大きな問題を抱えているあなたに一言。問題提起の仕方が正しければ、すなわち、落ち着いて超自然的な責任ある見方をするならば、常に解決への道が開けてくる。

  母親、つまり良い母親であるならば、子供を抱くとき子供を傷つけないよう、ピンや針を身につけないよう注意する。それと同じく人々と接するとき、できるだけ柔和な態度、そして力強い態度を示さなければならない。

「番兵よ、夜の何時か」。番兵よ、警戒せよ。週に一度、当直の任に当たってくれれば良いと思う。あなたが今以上に献身し、一つひとつの小さなことをいっそう大きな愛を込めて警戒し、もう少したくさんの祈りと犠牲を捧げるためである。

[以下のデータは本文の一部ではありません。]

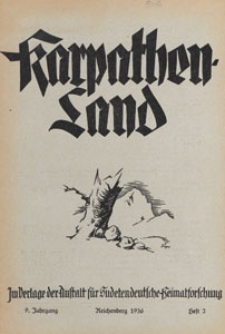 Karpathenland : Vierteljahrschrift für Geschichte, Volkskunde und Kultur der Deutschen in den nördlichen Karpathenländern, 1936 H 2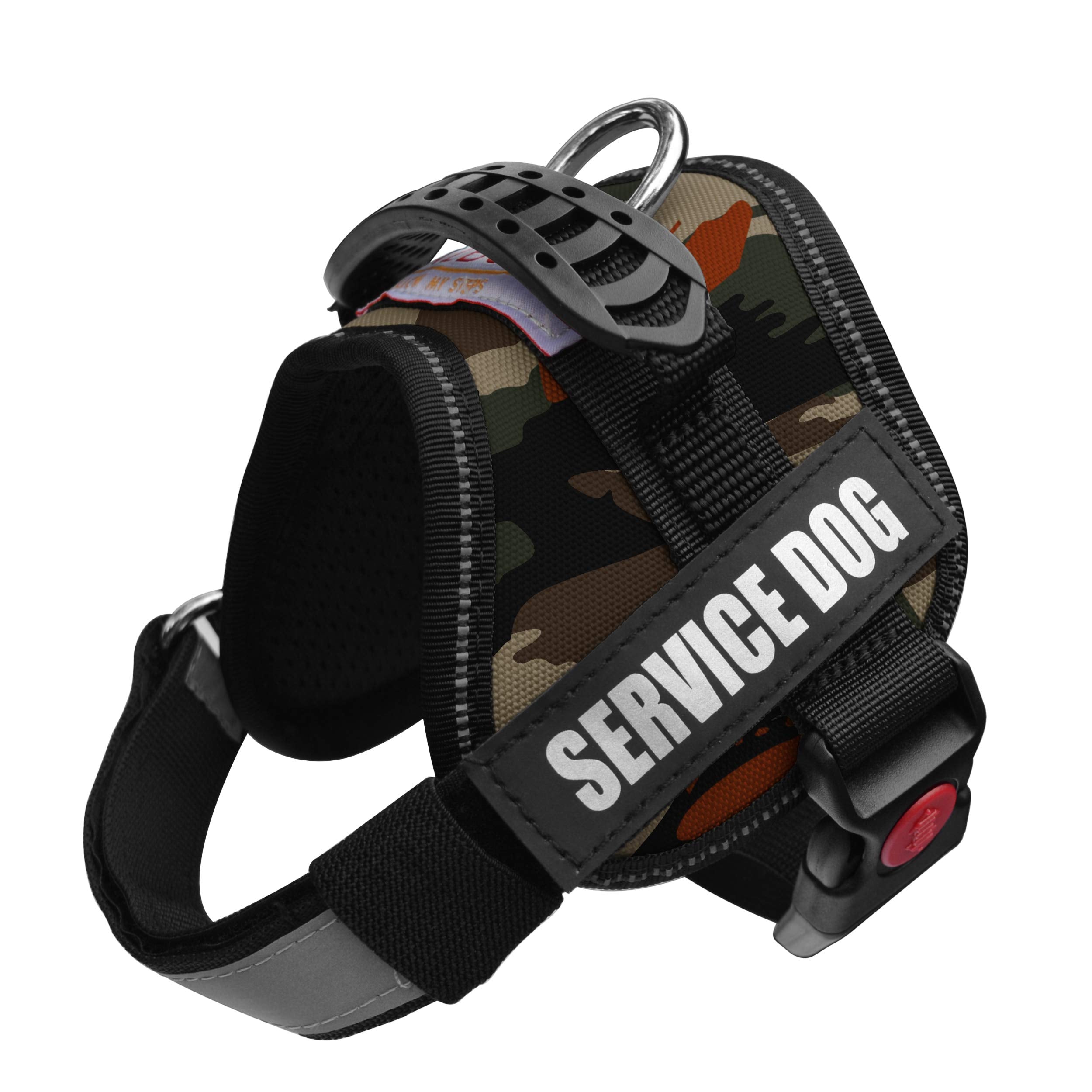 Albcorp Service Dog Vest Harness - Reflective - Woven Polyester And Nylon, Comfy Mesh Padding - Sizes From Xxs To Xl - Service Dog Patches Included. Green Camo, Xxs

教会は戦闘待機の軍隊のようなものだ。その中であなたは一つの〈前線〉を守っているが、そこでは攻撃があり、戦闘があり、反撃がある。分かるだろうか。

そういう心構えがあれば、神に一歩近づく毎に、あなたの日々を当直の日々に変えることができるだろう。

  〈失われた〉召し出しや恩恵の絶え間ない呼びかけを無視する態度の裏に、神の許容的な意志を見るべきだと言う。確かにそうだ。しかし誠実に自らを省みれば、それで免除されたり、酌量されたりするのではないことが分かる。表側を見ると、神のみ旨を果たさなかったことに気づくからである。神が私たちをご自分のため探し求められたのに、応答しなかったのである。

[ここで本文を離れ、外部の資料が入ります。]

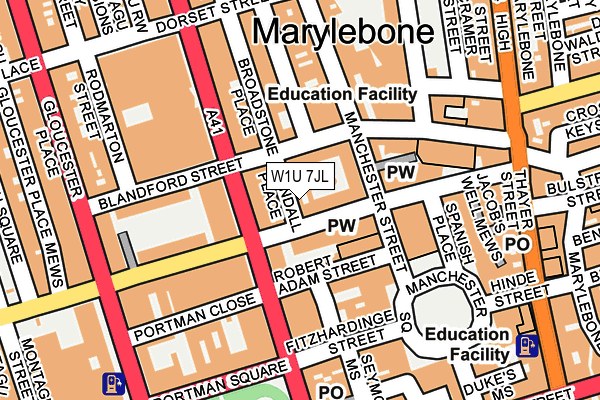 W1U 7JL map - OS OpenMap – Local (Ordnance Survey)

  本当に祖国を愛するなら、―私はそうだと確信しているが―間近に迫った危険から祖国を守るため、志願兵としてためらいなく徴兵に応募することだろう。すでに書いたように緊急時には誰もが役に立つ。男も女も、老いも若きも壮年も、少年でさえも。ただ、障害者と子供だけが除外される。

キリストの王国を守るため、志願兵だけでは足りないから、日々、総動員令が出されている。しかも、その王であるキリストはあなたを名指しでお呼びになった。神のための戦いを、あなたの持つ最高のもの、すなわち、あなたの心、意志、知性、全存在を、すべて出し切って戦うよう要求しておられるのである。

私の言うことに耳を貸してほしい。清い生活、そして、特に聖母のご保護があれば、肉は問題にはならない。呼びかけ(召し出し)から逃げるため、心や意志あるいは知性が病んでいると言い訳をするほど、あなたは臆病なのか。自分を正当化し、補助的な役目でよしとするつもりなのか。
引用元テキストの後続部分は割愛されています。